Former justice discusses 'dark money' in judicial races

By Cynthia Price
Legal News

“When the workings of our government are kept secret from us, we become uncomfortable and suspicious. One big and important secret is where three-quarters of the money being spent on Michigan Supreme Court elections comes from. We have a right to know exactly how much is being spent and who’s spending it.”

These words, delivered in a measured way by former Michigan Supreme Court Chief Justice Marilyn Kelly, outline the challenge posed to democracy by the policy of allowing certain campaign money to be undisclosed.

Kelly spoke this month before the American Inns of Court Gerald R. Ford Chapter at Thomas M. Cooley Law School’s Grand Rapids campus.

It was part of the “Views from the Bench” series the chapter is offering for its 2013-2014  meetings.

The so-called “dark money” is of deep concern to Kelly, the Judicial Selection Task Force she co-chaired with U.S. Court of Appeals Judge James L. Ryan, Sixth Circuit, and to the State Bar of Michigan.

SBM Executive Director Janet Welch and the Immediate Past President Bruce Courtade of Rhoades McKee, were in attendance.

The composition of the Judicial Selection Task Force, whose honorary chair was former U.S. Supreme Court Justice Sandra Day O’Connor, was bipartisan.

The State Bar Representative Assembly, which voted to support full disclosure in 2010, is as well.

As Kelly put it, “This is truly a bipartisan or if you’d like a nonpartisan issue.”

The Judicial Selection Task Force’s top recommendation reads:

“CAMPAIGN FINANCE RE-FORM: First, the Task Force urges that supreme court campaign advertisements fully disclose the source of their funding. Too often special interest groups hide behind innocuous-sounding names that obscure their real purpose in funding supreme court campaign advertisements. If corporations, unions, trade groups, political parties, or private persons wish to fund advertisements, they are free to do so.  But they should inform the public of their true identity so that voters can weigh the messages in context.”

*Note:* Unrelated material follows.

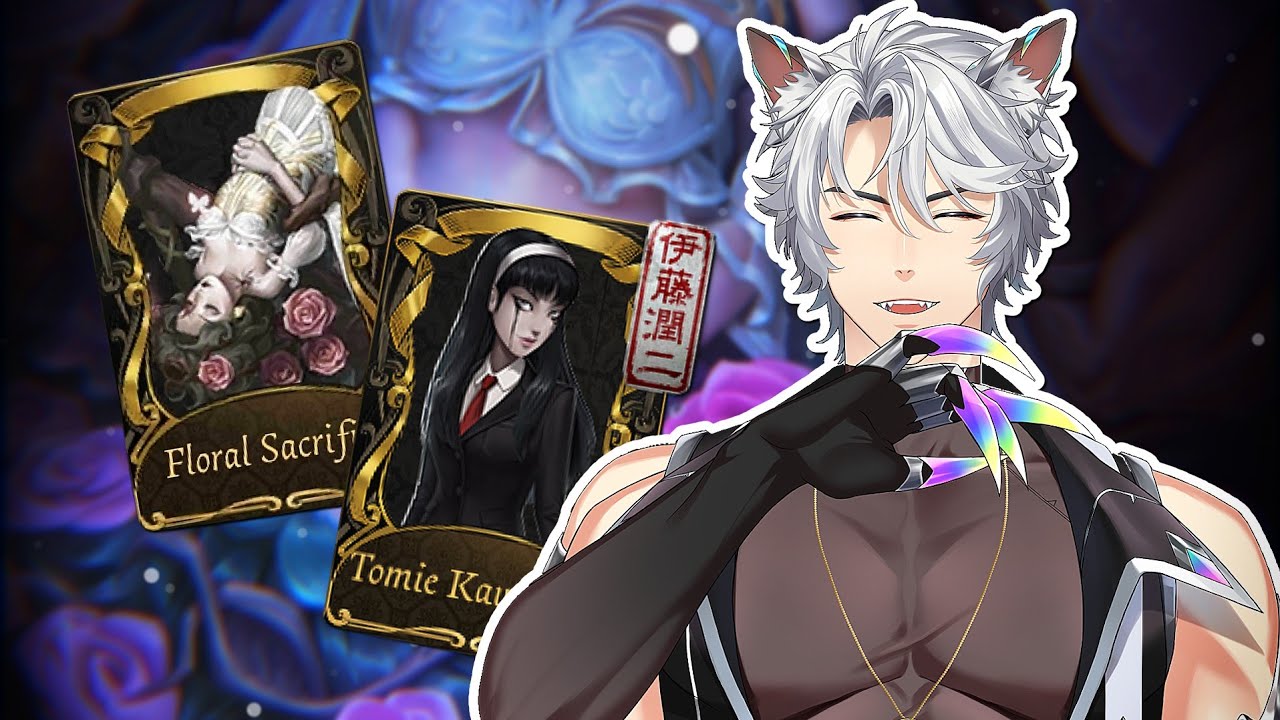 Tomie Dream Witch and Wedding Spider | Identity V Gameplay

In explaining the history of the dark money policy, Kelley said the reason “this peculiar interpretation has come into being is that in 2004 then-Secretary of State Terri Lynn Land ruled that ‘issue ads’ are not covered by the Michigan Campaign Finance Act.”

“Issue ads” are those that do not explicitly ask their audience to vote a certain way but set out a specific issue and inform the public where candidates, or frequently one specific candidate, stand on that issue, which can be broad or narrow.

The Bipartisan Campaign Reform Act of  2002 (sometimes called “McCain-Feingold”) expressly set out to regulate “issue ads” at the federal level.

When the State Bar decided to take action moving the recommendation forward — “to its infinite credit,” commented Kelly — it was to Secretary of State Ruth Johnson that Courtade sent a letter, asking her to reconsider her predecessor’s ruling.

“Opposition to secret judicial campaign funding is not partisan or political,” the letter said. “It is about protecting public confidence in the integrity and fairness of the court system.”

Indeed, there are reasons for full disclosure other than allowing the general public to determine whether an issue ad reflects a hidden agenda, as Kelly pointed out.

If a judge’s secret contributors are not known by those who come before him or her, she noted, there is no opportunity to request recusal and no grounds for evaluating the fairness of the trial. This could result in the pervasive perception that the courts are “fairer” to moneyed supporters.

Kelly qualified her words about three-quarters of the Supreme Court election being dark money.

“We’re not really sure how much money is involved, because when you try to identify this secret money you can’t go to the Secretary of State,” she said. “you have to go to the places where the money was spent.”

Both Kelly and Inns of Court Vice President Stephanie Newtonreferred to the 2012 Michigan Supreme Court election in citing the three-quarters figure.

Kelly said her source was the Michigan Campaign Finance Network (MCFN), “a nonpartisan, nonprofit coalition of organizations and individuals concerned about the influence of money in politics and the need for campaign finance reform in Michigan.”

MCFN published a comprehensive report on that race and concluded that of the just under $19 million spent that the organization could track — as Kelly points out, it is even harder to figure out who pays for door-to-door canvassing or mailers — only 26.8 percent was disclosed.

Kelly quoted MCFN’s Rich Robinson as saying that Michigan is the worst in the nation regarding judicial elections, both in terms of money spent and in terms of secrecy.

As Robinson put it in a Nov. 3 Detroit Free Press editorial, “There’s more dark money in Michigan in local campaigns and elections than in federal elections... It’s just as though this whole thing is seeping down into the culture, and dark money becomes more of the way of politics. And there’s great peril in that.”

At the forum, Kelly said that polls have shown that something like 96 percent of voters believe that all judicial contributions should be publicly disclosed, and added that she urged people to ask their state representatives and senators where they stand on full disclosure.

However, new legislation may not be necessary, depending on how Secretary of State Johnson rules. The 60-day time period for her to make her decision is coming up, but she is allowed to request a 30-day extension.